| Evan A. Laksmana | Jakarta, 20 October 2009 |
Is democracy hurting Indonesia’s defense? One cannot but ponder this unspoken, yet often privately asked, question heard recently in a public discussion organized by noted military watchdog the Pro-Patria Institute.
While the forum was meant to launch the institute’s latest recommendations on national security, discussions during the Q&A session touched on the “excesses” of democracy and how it has complicated, if not undermined, the Indonesian Military’s (TNI) efforts to strengthen national defense.
They addressed, for example, how democracy had contributed to the increasing fragmentation of Indonesia, and how the media’s growing strength “hindered crucial legislations like the state secrecy bill” – not to mention the public outcries that ensue every time the Defense Ministry proposes solutions (amidst its limited budget) that include expanding territorial commands or imposing a national draft.
These lamentations are certainly not without merit. But they also underline the fact that finding equilibrium between maintaining a democratic administration and establishing national defense will never be straightforward – especially in the absence of a clear roadmap from the government while national security-related bills have been stalled.
If, however, we could agree that any military transformation agenda should ultimately “remilitarize” the TNI and improve its overall effectiveness and professionalism, then preserving Indonesia’s democracy, regardless of its deviations, would be in the long-term interest of the TNI.
First, democracy could, in the long-run, wear down the prevalent patron-client relationship – often dubbed “bapakisme” – that has characterized our military culture for so long and complicated internal military reforms.
This could be done by instilling a sense of egalitarian individualism and comradeship – both spillovers from a democratic society – within the ranks, where soldiers are willing to fight, not for a personal patron or party, but for a popularly-elected and legitimate government. This would ultimately create more dedicated, better skilled and better led soldiers.
Separate studies conducted by historian Victor Davis Hanson and political scientists Dan Reiter and Allan Stam conclude that this “democratic culture” is one of the main reasons why democracies win nearly all wars they start, and about two-thirds of wars in which they are targeted. Their average success rate is 76 percent.
Second, democracy could further support and improve the modernization of the military. This is because democracy could improve our economy further, since it allows for better relations with the world market, boosting domestic growth. Eventually, more resources would be available to increase the defense budget. Clearly, increasing defense spending is among the most important factors in the modernization of Indonesia’s military.

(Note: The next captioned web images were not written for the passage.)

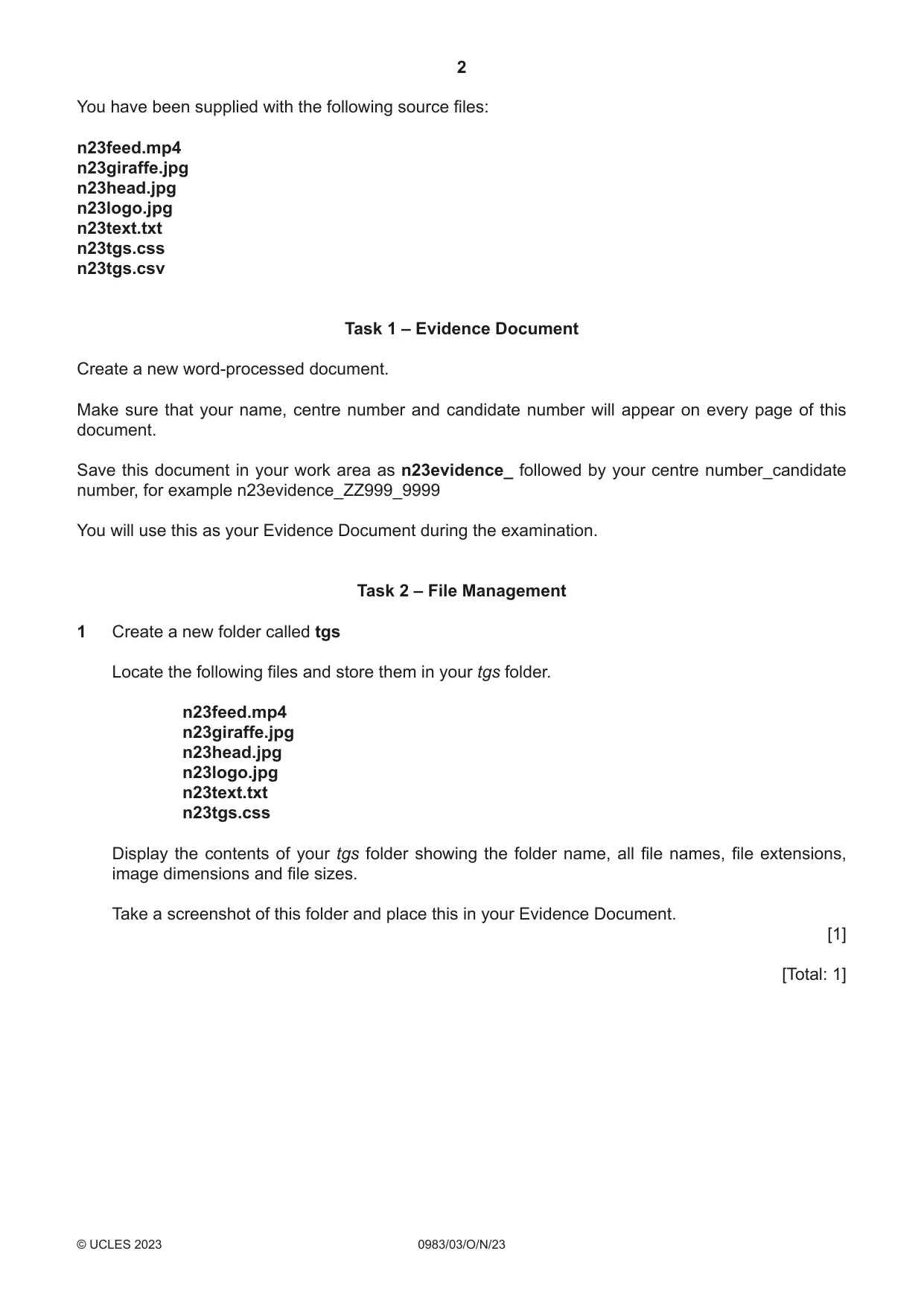 Cambridge IGCSE Information and Communication Technology (9-1) 0983 2023 Oct/Nov Paper 3 · Variant 0 question paper, page 2 of 8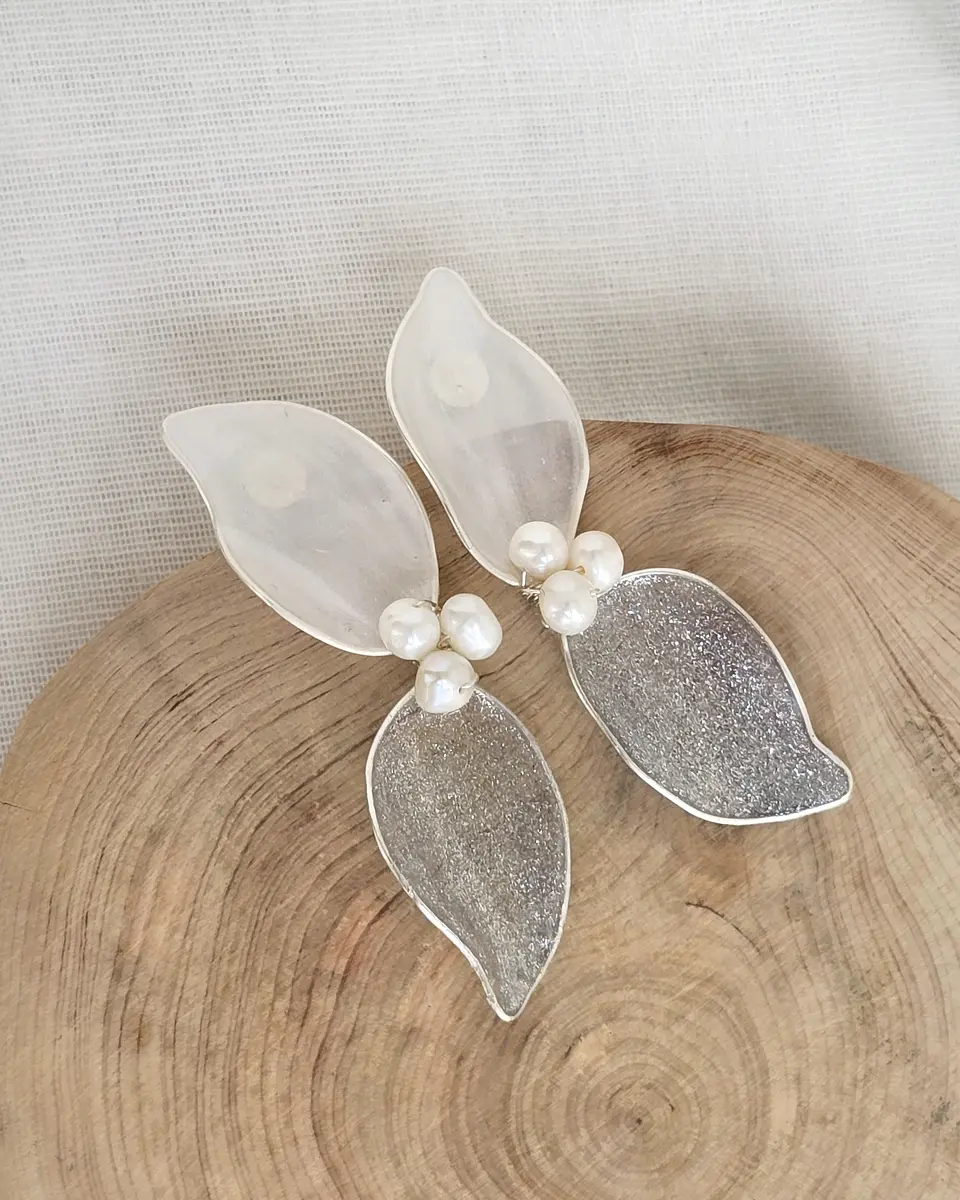 Aros doble pétalos cristalizados plata 1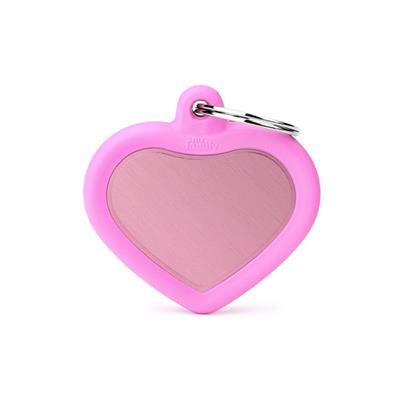 Medaglietta Hustag Alluminio Rosa Con Gomma Rosa Cuore 3,7x3,7 cm
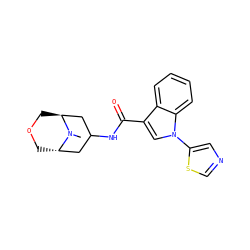 CN1[C@H]2COC[C@H]1CC(NC(=O)c1cn(-c3cncs3)c3ccccc13)C2 ZINC001772590126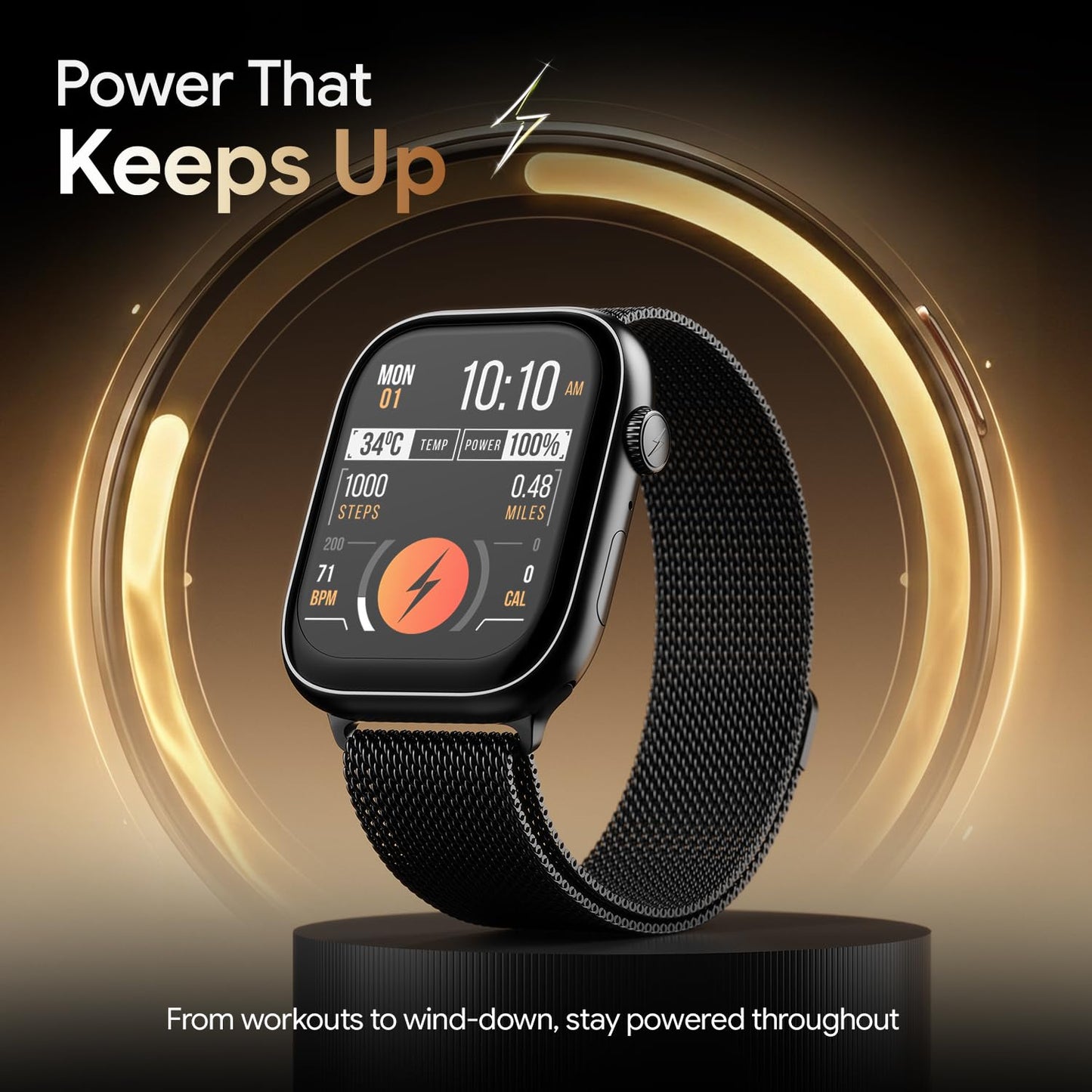 Fire-Boltt Ninja X Ring Smart Watch 1.96" Always On Display Bluetooth Calling, Voice Assistant, SpO2 & Heart Rate, 120+ Sports Modes, IP67 Waterproof Smartwatch for Men & Women - Black Mesh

Economic openness and better relations with major powers could also further our defense relations. This would eventually enable us to better tap into the globalization of defense industries and increase collaborative programs and cooperation with major countries like India, the US, Britain, Japan, and South Korea.
Deeper relations with these countries could also, ultimately, strengthen our domestic defense industrial base, and even open new sources of military aid. The lifting of the US embargo on Foreign Military Financing and International Military Education and Training in 2005-2006 is a case in point.
Third, democracy could further optimize our defense planning. Since political leaders are elected democratically, and therefore held accountable, they have added impetus to be rational in allocating their scarce resources. Reforming defense management practices is thus inevitable if they wish to direct more resources into popular policies to ensure their own re-election.
Democratic openness could further boost our fledgling civilian defense community. This in turn would provide critical input and out-of-the-box thinking needed by the Defense Ministry to better manage its resources.
Thus, we would eventually see material assets or defense resources better calibrated and optimized, resulting in an overall improvement of defense management and subsequent force employment – which military scholar Stephen Biddle pointed out is crucial to generate operational and tactical effectiveness.
Finally, democracy could further boost the TNI’s institutional morale, which historically has been tied to the degree of internal transparency in manpower issues (such as salaries and promotions) and the degree of their “unity”, or public standing, with the Indonesian people.
During Soeharto’s 32-year reign, the military was seen more as a regime tool for the president and his cronies. However, the lack of internal transparency had given rise to a sense of frustration within the ranks, especially among those without political connections, and eventually fragmented the high command. The democracy that followed Soeharto’s demise reversed these trends.
Military watchdogs and the parliament have pushed for greater internal transparency and better welfare for the troops. A merit-based system is slowly being introduced, the defense budget has quadrupled in the past decade, and salaries have increased significantly.
Furthermore, democracy has also restored the TNI’s image, as internal reforms began to be carried out by reformist officers. Polls conducted by Kompas have shown that the TNI’s public standing improved from a low point of 24 percent favorability in 1999, to 64 percent in 2005.
Ultimately, those who think our democracy should be “limited” or reversed because it is hurting our national defense should remember that free men fighting for their freedom often make the best soldiers – as our own history has testified.
The writer is a researcher at the Centre for Strategic and International Studies, Jakarta.